The sole hint of dissension in the otherwise fireworks-less session—well, outgoing member-at-large James Beaman did call passionately for greater activism—was former board member Gregory Kennell's suggestions that a number of amendments be made in the bylaws. (Lennie Watts replaces Beaman, and, it appears, there will also be two additional members-at-large appointed soon.) Suggesting that there was a cause-and-effect relationship between his recommendation that MAC membership resume voting for officers and his being dismissed from the board, Kennell stayed cool while questioning the status quo. Which includes the need for 50% of the membership to make up a voting quorum at any general meeting. The plea for amended bylaws has resulted in his joining the bylaw committee, currently presided over by Audrey Lavine.
Perhaps the most startling, if unremarked on, comment of the evening came from MAC president Estwanik in reply to an urgent and poignant speech by Miranda Records topper Kitty Skrobela. Saying she'd poured every penny she had into the label's CDs, but isn't strong on promotion, she confided that she looked to MAC for help building cabaret audiences. Estwanik took the mike to admit, "I don't have an answer for that." Kinda shocking, but perhaps he was just trying to move things along. Or maybe he truly had no answer, which would seem strange in someone who will have headed the MAC board for five years when he steps down next September.
Of course, Estwanik does have a partial answer and has put it into practice, as the MAC Outreach strategy attests. So does the introduction of concierge evenings. But, by this time, he and his board should have other beneficial answers ready for Skrobela. Not to offer some response to her and those in her position is to admit a lack of vision that any board must have if it means to serve its membership to the best of its ability. (MAC counsel Alan Bomser, sitting next to me, noted that Estwanik has done much good. He pushed, Bomser pointed out, for the organization's 501(c)(3) status as a not-for-profit organization able to raise funds and pay performers for Outreach shows.)

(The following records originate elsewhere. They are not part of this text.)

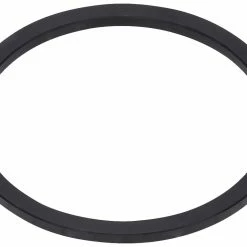 Tune TSR22 Disc Center Lock 28" Laufradsatz -Fulcrum Verkäufe 448195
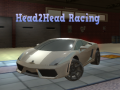                                                                    Head2Head Racing ﺔﺒﻌﻟ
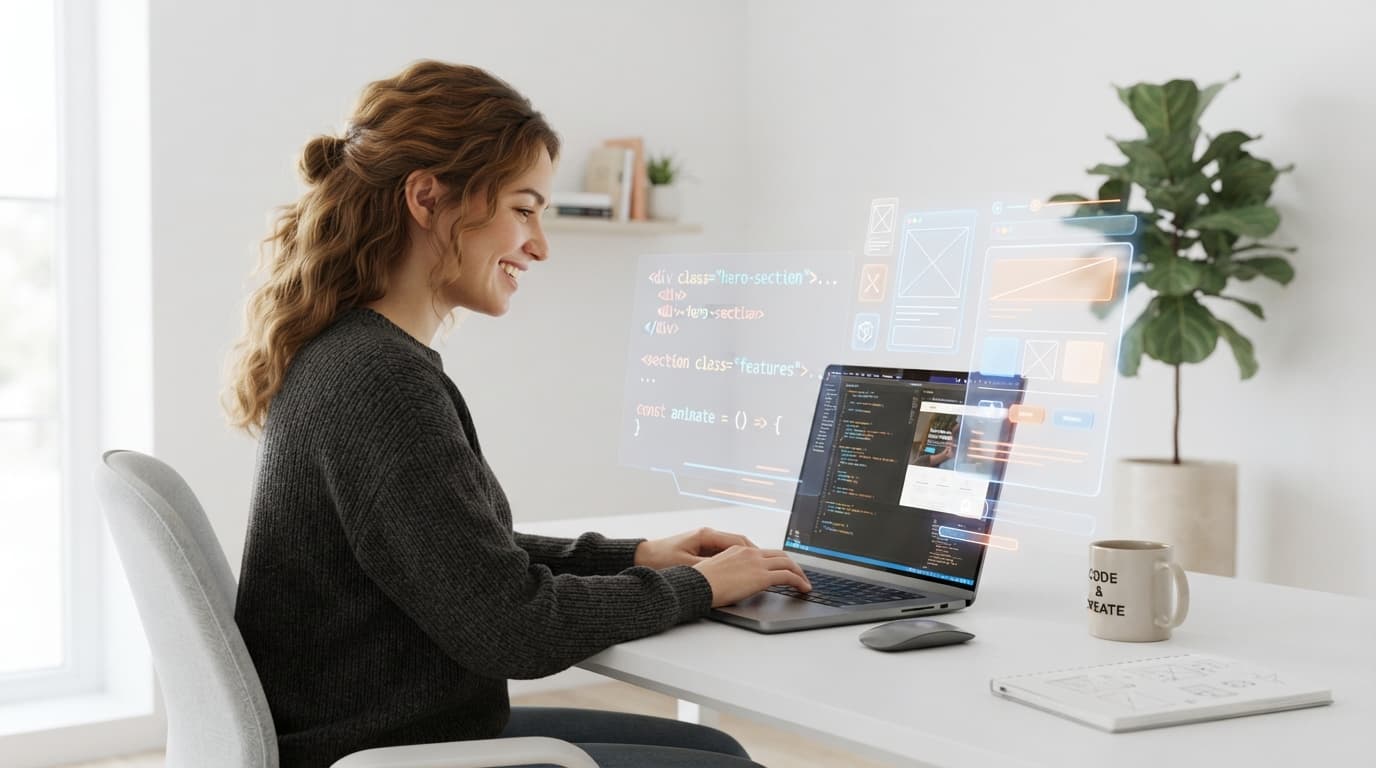 JavaScript SEO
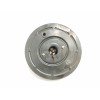 Recambio de servofreno para renault megane iii berlina 5 p 1.6 16v referencia OEM IAM 472100005R  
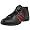 Black/Red/Red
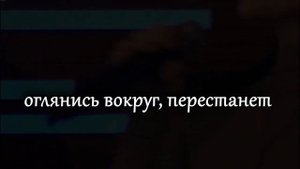 Розы красные Караоке Тамара Кутидзе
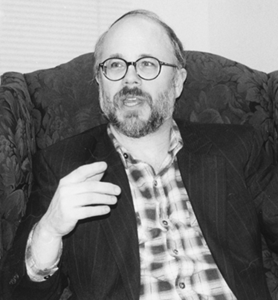 Behe2.GIF (73985 bytes)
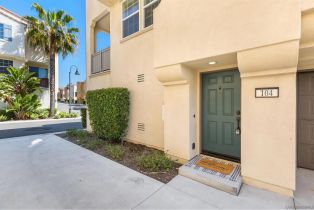 Condominium, 5085 Cascade way, Oceanside, CA 92057 - 18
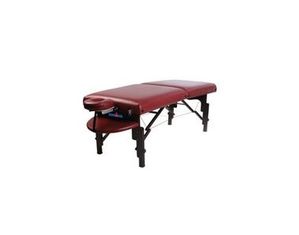 Ironman Delta Massage Table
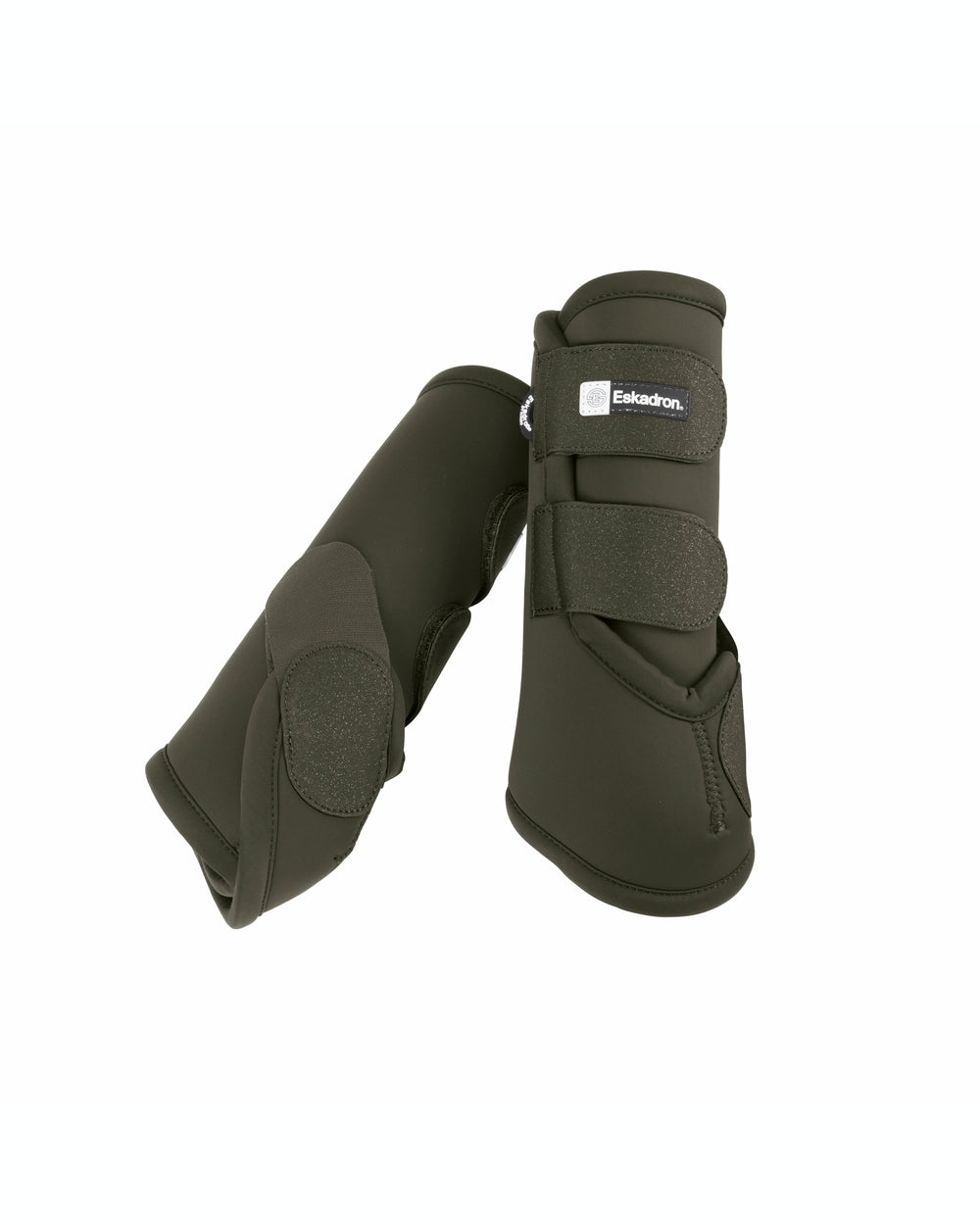 Eskadron Pro Dressage Tendon Boots Front Dynamic 25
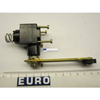 ZCK-D41 Limit Switch kop + rol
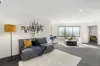 3/372 Elgar Road, Box Hill, Vic 3128-Image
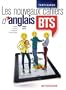 Les Nouveaux cahiers d'anglais BTS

But Skrobela's request really gets back to the problem Anna Bergman's anecdote exposes. The public, especially the younger segment, needs to be educated about cabaret. Their many misperceptions have to be corrected. Dispatching shows to schools is a strong beginning, but something larger is also called for—something along the lines of the campaigns that the League of American Theatres and Producers wages on behalf of Broadway. There need to be aggressive media crusades explaining that cabaret is not strippers or fogies singing operetta, but vital performers uniquely offering up-to-the-minute entertainment in intimate surroundings. And there's a more radical question MAC needs to probe. Is the word "cabaret" confusing, even obsolete? Is there another, more forward-looking label for the high-quality entertainment to which MAC wants to draw attention?
Of course, this course of endeavor must be accompanied by sponsorship dollars, lots and lots of them. For the moment, MAC would seem to be too much in the red to do much more than talk about the possibilities. But, as the Sept. 20 meeting attested, MAC is prepared for managed talk.